#### TASK INPUT

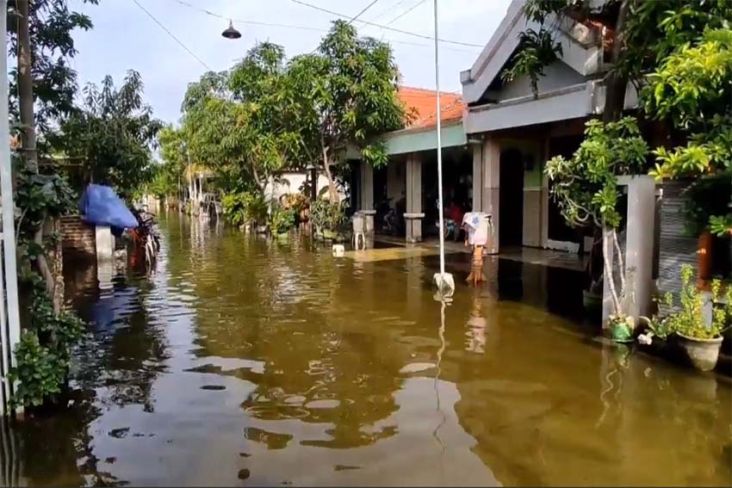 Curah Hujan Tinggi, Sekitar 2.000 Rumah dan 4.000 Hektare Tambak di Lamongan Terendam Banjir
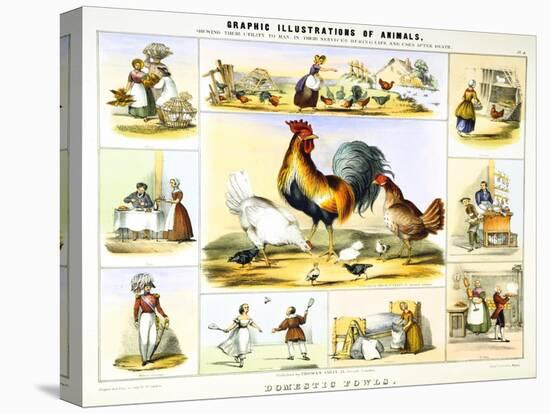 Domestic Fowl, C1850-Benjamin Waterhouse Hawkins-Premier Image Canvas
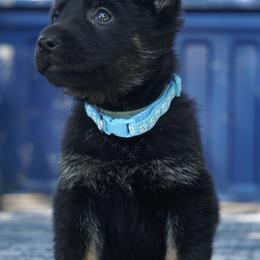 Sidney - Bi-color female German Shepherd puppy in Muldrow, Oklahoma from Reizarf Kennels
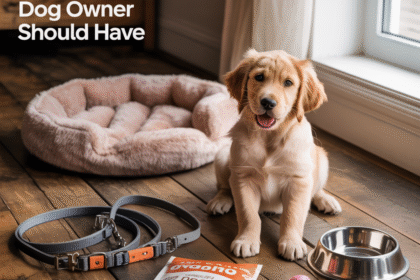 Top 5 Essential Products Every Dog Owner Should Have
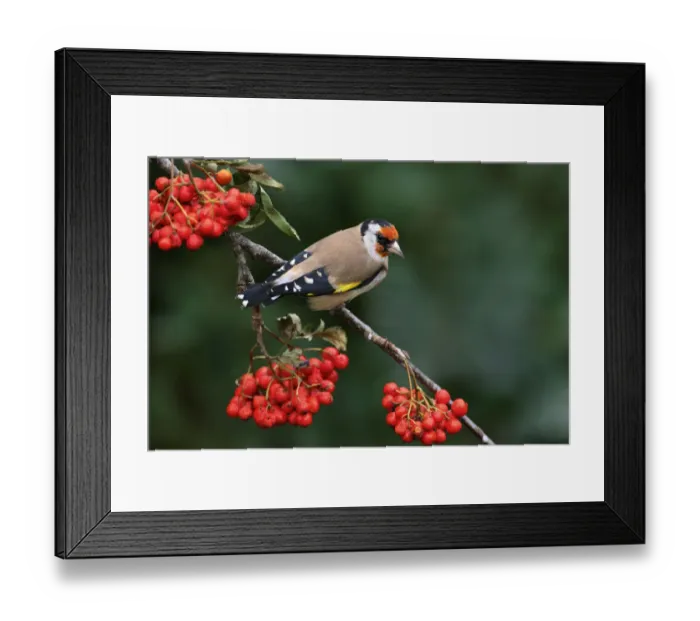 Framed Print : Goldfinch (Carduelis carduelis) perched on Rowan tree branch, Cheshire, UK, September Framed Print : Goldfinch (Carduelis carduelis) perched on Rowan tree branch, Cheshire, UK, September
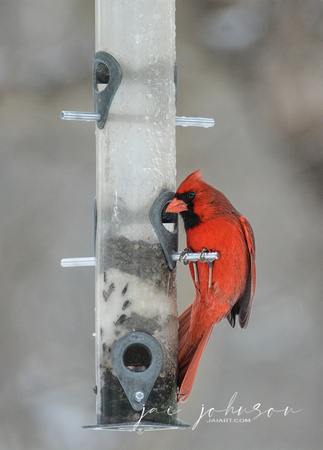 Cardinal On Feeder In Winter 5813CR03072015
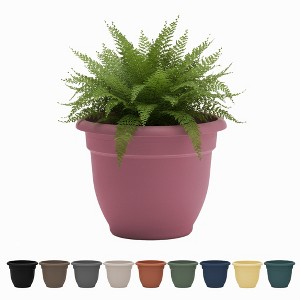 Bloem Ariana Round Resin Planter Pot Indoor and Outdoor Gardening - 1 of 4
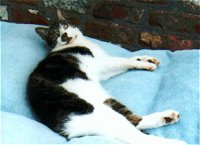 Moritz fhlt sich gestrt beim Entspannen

########

● **WHAT IS BEING ASKED**: Leaving aside every picture, transcribe exactly the lines that run from the one with "Cardinal On Feeder In Winter 5813CR03072015" to the close of the listing above.

● **SOLUTION FOR THIS TASK**:
 Cardinal On Feeder In Winter 5813CR03072015
 Bloem Ariana Round Resin Planter Pot Indoor and Outdoor Gardening - 1 of 4
 Moritz fhlt sich gestrt beim Entspannen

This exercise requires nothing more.